Each stage adds more features and capabilities, but even at its most basic (the skateboard), the product is usable and delivers value to the customer. This progression demonstrates the essence of the MVP approach: start small, validate, and improve incrementally, ensuring at each step that the product is providing real value to its users.

Of his famous skateboard analogy, Kniberg writes “In product development, one of the first things you should do (after describing what problem you are trying to solve for whom) is to identify your skateboard-equivalent.” He continues, “Think of the skateboard as a metaphor for the smallest thing you can put in the hands of real users, and get real feedback.”

The benefits of a minimum viable product

Exploring the benefits of an MVP reveals a strategic approach that goes beyond mere cost savings and speed to market. It’s about smart, customer-focused development, where each iteration brings a product closer to the heart of what users want. Here are the several benefits of building an MVP:

Validate product hypotheses

MVPs offer a direct way to test hypotheses. By focusing on building core features, an MVP helps to validate the market’s response to a product. This process helps founders refine their business model with real-world insights rather than assumptions.

Minimize capital investment

Developing an MVP requires less capital than launching a fully developed final product. This approach aligns with the lean startup methodology, emphasizing the importance of using just enough features to map the concept without overextending resources. It allows startups to allocate their budget more effectively and mitigate financial risks.

Secure investor confidence and funding

Presenting a well-developed MVP often proves crucial in attracting investor interest and raising venture capital funding. Demonstrating a functional MVP helps angel investors and venture capitalists visualize the potential of a business idea, making it easier to secure startup funding. This approach offers tangible evidence of a startup’s capabilities and the viability of its business model.

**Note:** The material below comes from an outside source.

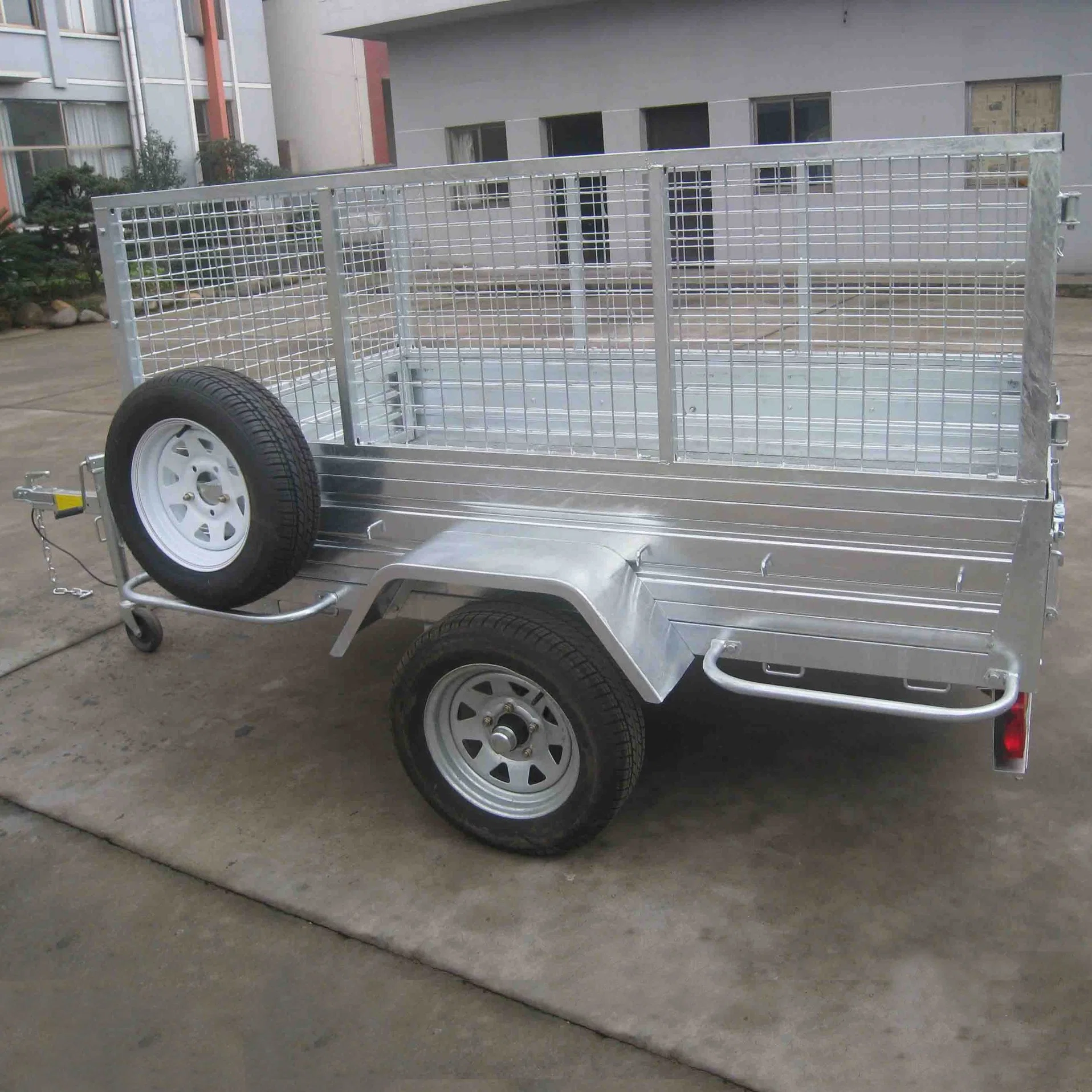 Heavy Duty Cage Trailer with Spare Wheel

Refine towards product-market fit

Refining towards product-market fit is a dynamic process, and an MVP is an ideal tool for this. It enables startups to align their product closely with market needs based on user feedback. This iterative process ensures that the final product resonates well with its target audience, increasing the likelihood of success.

Gather customer feedback

Gathering feedback from customer research is key to the success of a business. An MVP, with its focus on core features, provides a platform for engaging early adopters and gathering valuable feedback. This user feedback is crucial for startups to understand customer needs and preferences, guiding product roadmap prioritization and the development of the product towards greater market acceptance.

Real-world examples of minimum viable products

MVPs have been the launching pad for numerous successful companies, providing a practical approach to test and refine their business ideas. Here are real-world examples that showcase the value of MVPs:


Spotify, initially a simple technical prototype, was built to test fundamental assumptions: people’s willingness to stream music, artists’ readiness to allow legal streaming, and the technical feasibility of instant playback. This early version, stripped down to basic functionality, played only a few hard-coded songs and lacked polish, but it was crucial for validating the concept. By putting this basic MVP into the hands of friends and family, Spotify’s team quickly learned that instant, stable streaming was not only possible but also highly desired, laying the groundwork for the service’s future success and evolution.


Zappos, now a major online shoe retailer, started as an MVP that didn’t hold any inventory. The founder, Nick Swinmurn, simply created a website with pictures of shoes from local stores and purchased them at retail price when orders came in. This approach validated the business idea of selling shoes online without the need for significant upfront investment in inventory.


After an initial business pivot, Groupon was launched in a month as a two-for-one pizza offer sent out to an email list of 500 people. “The first version was still not pretty,” says founder Andrew Mason. However, the idea worked, evolving into Groupon’s model of daily deals. This MVP approach helped Groupon to quickly test the market’s interest in group buying, leading to its rapid growth and success in the deals space.

How to build and test minimum viable product

Building and testing an MVP combines innovation with practicality. Navigating this path requires a clear understanding of both your product vision and the market landscape. Here are seven steps to guide you through this process:

1. Define your ideal customer

An MVP starts with a clear understanding of who your ideal customer is. Founders should meticulously construct a profile of their target user, considering various factors that influence purchasing decisions and product use. This profile should include:

  • Industry: Identify the specific industry or sector your product serves.
  • Demographic details: Age, gender, income level, education, and location.
  • Psychographics: Interests, hobbies, values, and lifestyle choices.
  • Pain points: Specific problems or challenges your product aims to solve for them.
  • Buying behavior: How they make purchasing decisions and their preferred shopping channels.
  • Usage scenarios: Contexts in which they would use your product.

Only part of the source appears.